# TASK STATEMENT
The reply must contain exactly the lines below from the one with "A long, three-story" down to the one with "Long haired girl", both included, and nothing more; please omit the pictures.
*** DATA RECORDS Section Begins ***
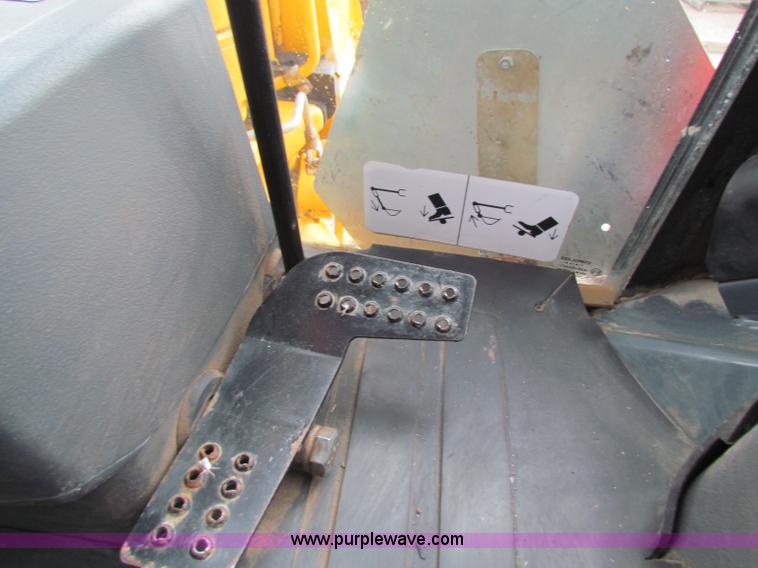 image for item E4168 2004 John Deere 310G backhoe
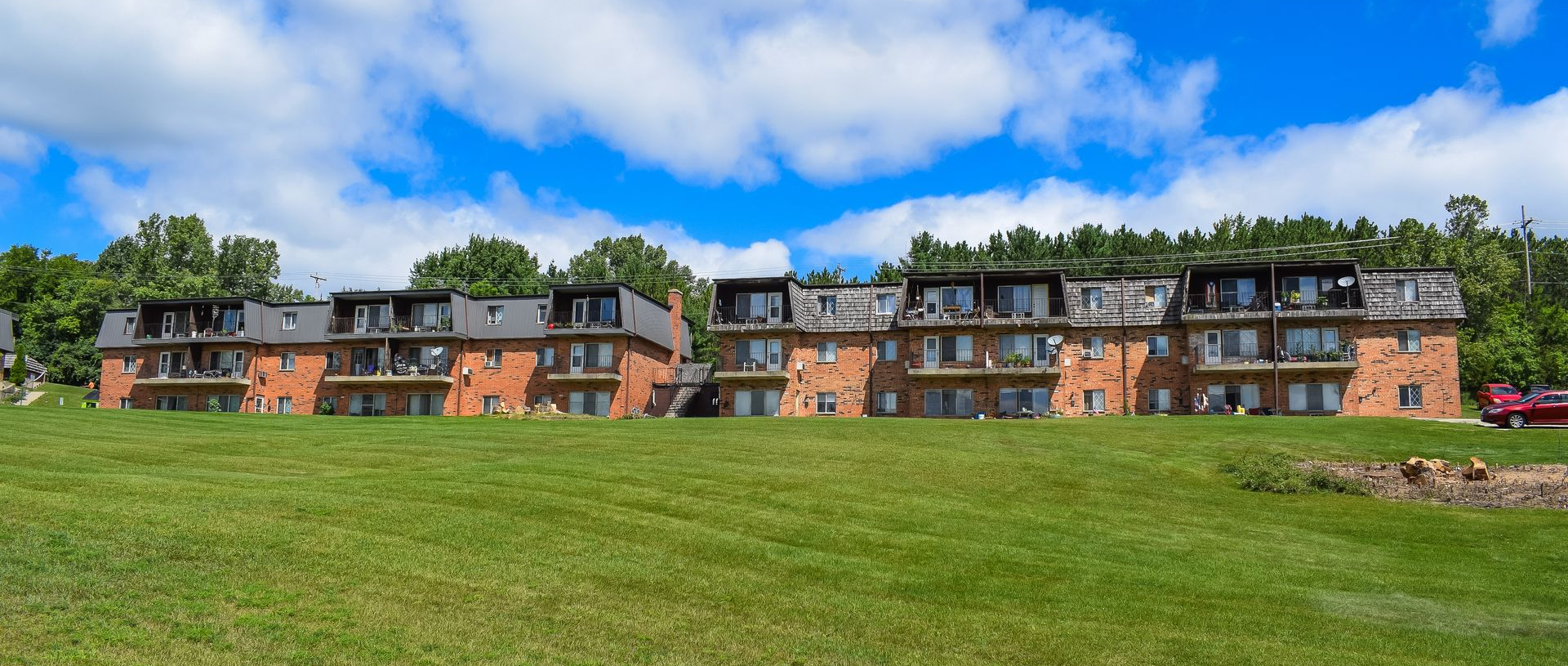 A long, three-story brick apartment building with balconies, surrounded by a green lawn under a bright, cloudy blue sky.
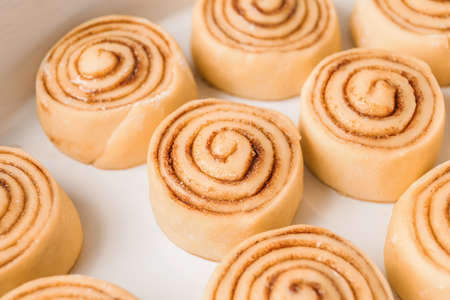 Baking dish with uncooked cinnamon rolls closeup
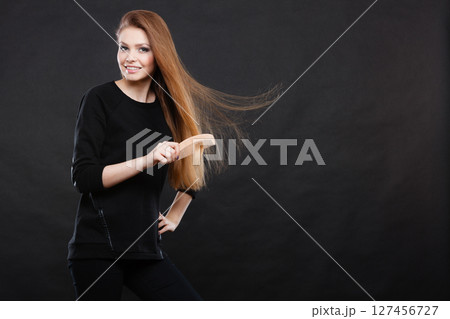 Long haired girl combing her beauty hair. 127456727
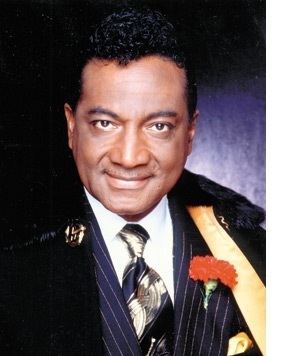Reverend Ike smiling and wearing a white sleeve, navy blue suit, and a black coat with an orange boutonniere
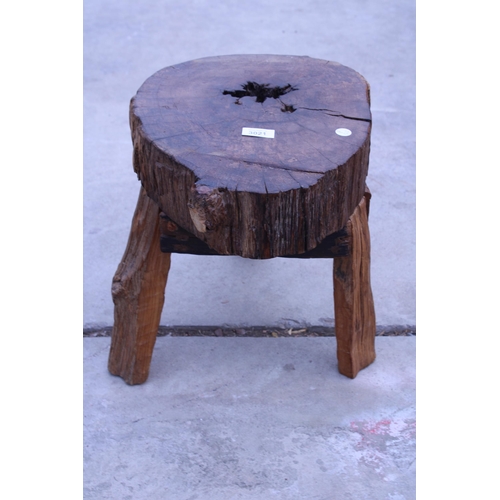 3021 - A VINTAGE LIVE EDGE THREE LEGGED STOOL, 15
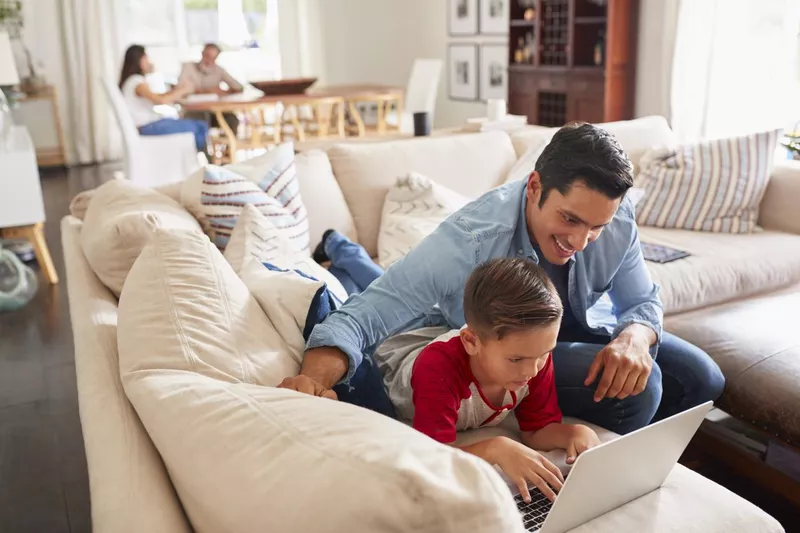 First grade boy lying on sofa using laptop with his dad. Mum and grandad at the table in the background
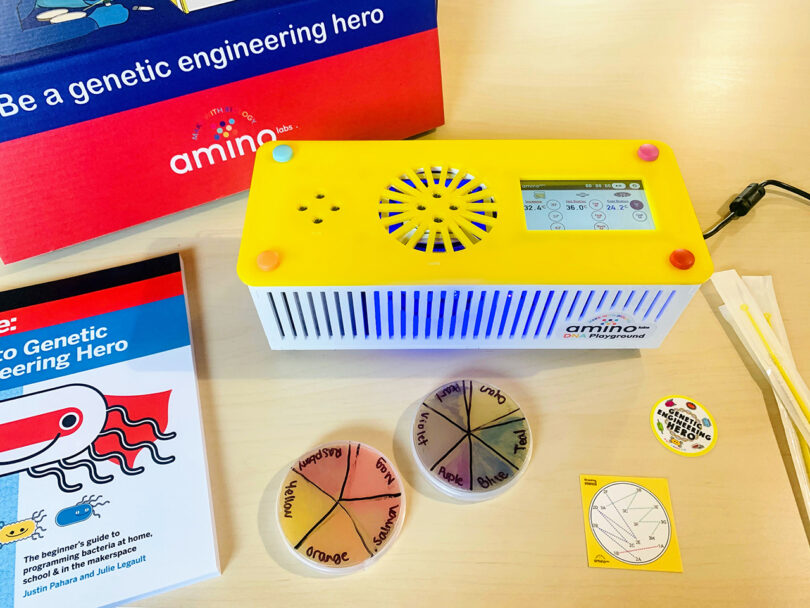 science project kit in red, blue, yellow, and white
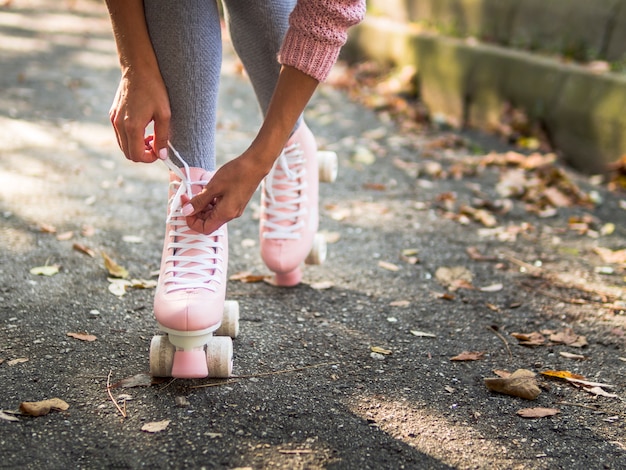 Foto gratuita primer plano de mujer atar cordones de los zapatos en patines con espacio de copia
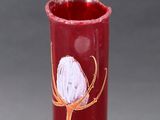 a red vase with a flower painted on it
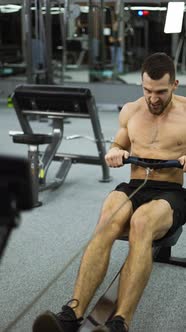 Shirtless Athlete Training Rowing Machine Exercise Intense Endurance ...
*** DATA RECORDS Section Ends ***
# ANSWER TO THE EXERCISE
 A long, three-story brick apartment building with balconies, surrounded by a green lawn under a bright, cloudy blue sky.
 Baking dish with uncooked cinnamon rolls closeup
 Long haired girl combing her beauty hair. 127456727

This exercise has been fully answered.